Tag Archives: SPY

Will The Stock Market Crash In 2020?

Summary

  • The U.S. stock market is near its all-time high.
  • Since 1928, the market has delivered negative returns in 4 out of 23 presidential years. So, a 17% probability.
  • The stock market crashing or not has little to do with whether it’s a presidential year or not.
  • Coronavirus outbreak is triggering a correction in the market.

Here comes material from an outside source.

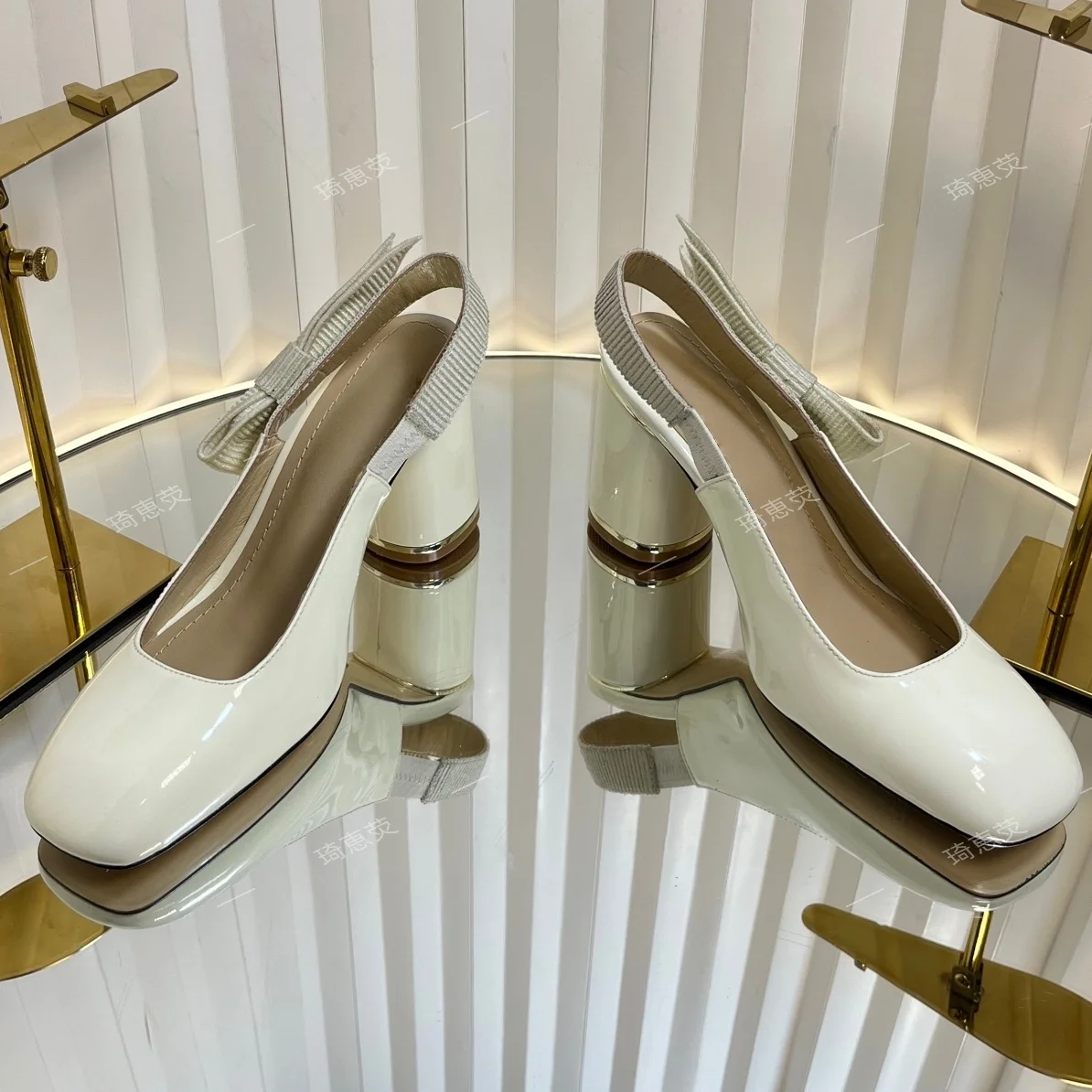 Top Quality 2026 Genuine Leather Round-Toe Bow-Tie Side-Cut Chunky-Heel Low-Rise Sandals In A Professional Style Bota Feminina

The U.S. market trades at an all-time high. It has been a bull market for almost 11 years, whereas historically, whenever the stock market has appreciated for 10 years or so, there will be a market crash like the one we had in 2008.

Yet, 2020 is a presidential year. Some people believe that the market will continue to head higher until after the election because Trump will do everything in his power to keep the market up since he’s going for the seat again. And the U.S. presidential election isn’t until November 3. So, the market could go up another nine months or so.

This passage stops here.